Extubation failure was the outcome measure of the study. We defined extubation failure as when patients were reintubated or when NPPV was conducted within 24 h after extubation. As potential factors influencing the outcome, sex, age, body mass index (BMI) at admission, type of surgery, emergency surgery, ventilation period, number of SBT, use of HFNC and NPPV, and Acute Physiology and Chronic Health Evaluation II (APACHE II) scores [34] at SICU entrance were collected through the electronic medical record. Parameters that can be monitored during the weaning process, such as the heart rate (HR), respiratory rate (RR), tidal volume (TV), rapid shallow breathing index (RSBI), positive end-expiratory pressure (PEEP), arterial oxygen saturation (SpO2), end-tidal carbon dioxide (EtCO2), WOB, and LTC were also extracted afterward from an ICU electronic medical record system, RPM-7400 (Nihon Koden, Tokyo, Japan).

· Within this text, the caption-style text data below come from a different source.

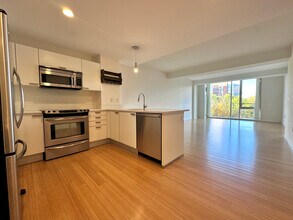 2 Earhart St, Unit 409 in Cambridge, MA - Building Photo - Building Photo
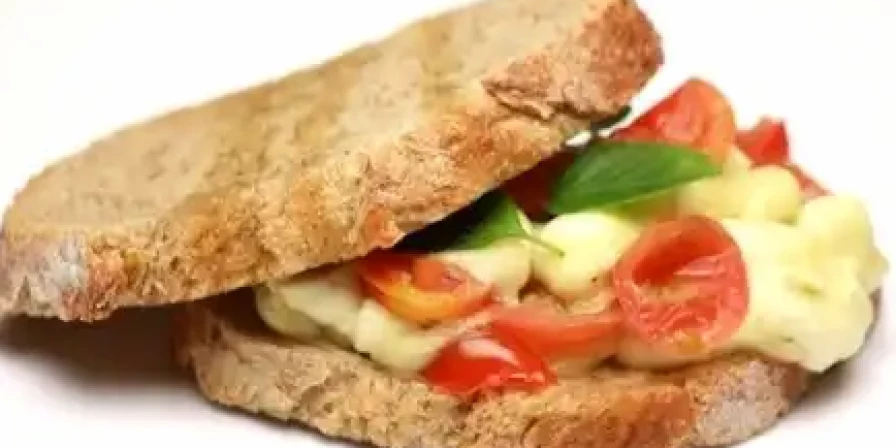 Sanduíche caprese.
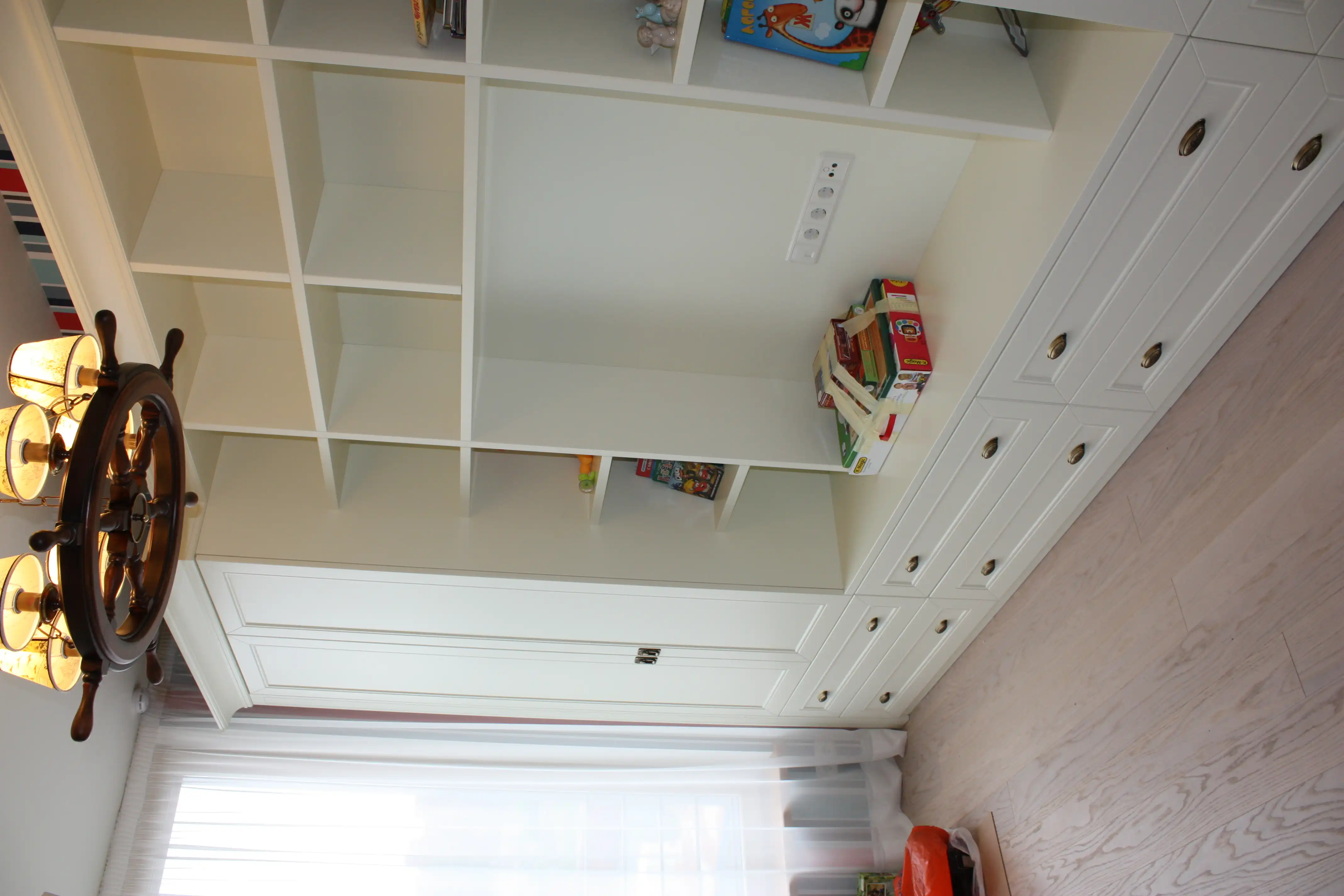 Впечатляющий дизайн мебели в морской стилистике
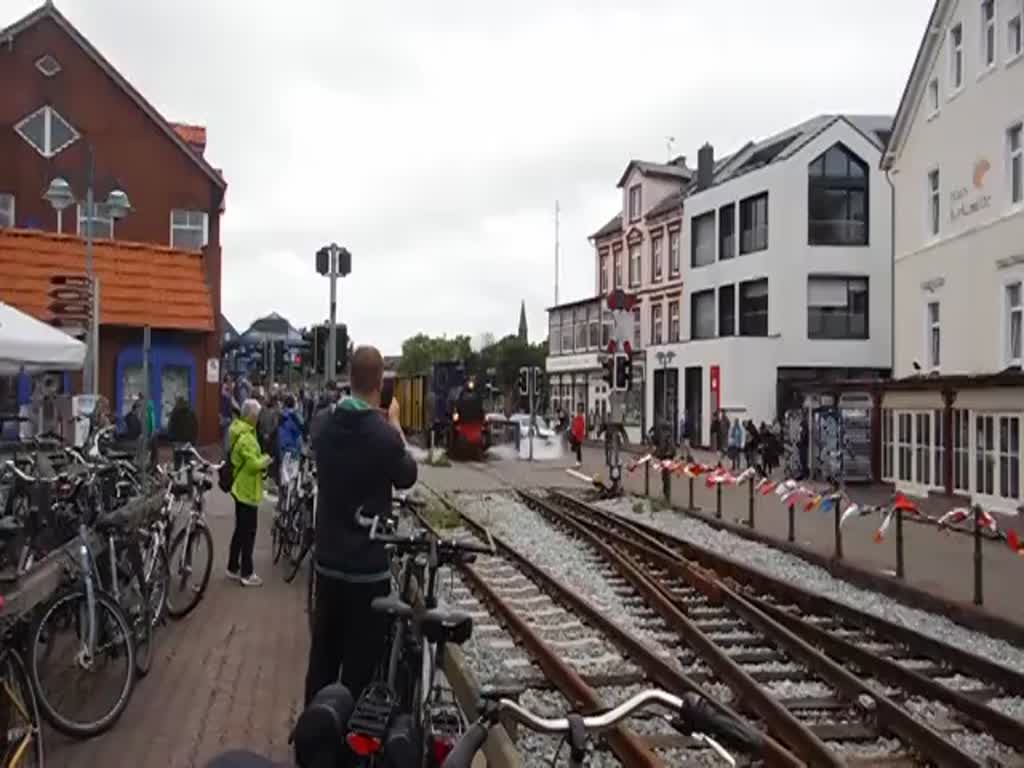 Dampfzug mit Lok  Borkum  verlässt den Bahnhof Borkum in Richtung Fähranleger 1.7.2016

All parameters were measured each minute, and the average of the last 30 min of the observation period was recorded.

Statistical analysis

We calculated that a minimum of eight patients in each group would be required to have 80% power to detect a difference in LTC of 30 mL/cmH2O between the success and failure groups at a significance level of 0.05. In the literature, the LTC in healthy adults is 80–100 mL/cmH2O [35], and in acute respiratory distress syndrome (ARDS) or cardiogenic pulmonary edema, the LTC is 29–42 mL/cmH2O [3537]. The standard deviations of the LTC are reported to be 7–13 mL/cmH2O [36, 37]. Because LTC data for target patients were not available, we used a difference of 30 mL/cmH2O. Categorical data were analyzed using Fisher’s exact test. For the other parameters, a Mann-Whitney U test was used to compare the success and failure groups. Receiver operating characteristic (ROC) curve analysis was performed to evaluate the clinical implications of parameters. The area under the curve (AUC) was calculated to assess the discriminative power of the parameters. The analysis was performed using JMP Pro version 13.2.1 (SAS Institute Inc., Cary, NC, USA). This study was approved by the Ethical Review Board, Faculty of Medicine, Kagawa University (Heisei 29-049). The authors have no conflicts of interest to declare.

Results

A total of 823 patients older than 18 years of age were admitted to the SICU during the target period. Among them, 503 patients were not mechanically ventilated during the SICU stay. According to the exclusion criteria, 142 patients were excluded. A total of 178 patients underwent the SBT process; however, 5 patients underwent a tracheotomy because they were judged to be unable to meet the extubation criteria by ICU members. Finally, we analyzed 173 patients and compared the success and failure groups. No patient had serious respiratory illness before the surgery or at ICU admission.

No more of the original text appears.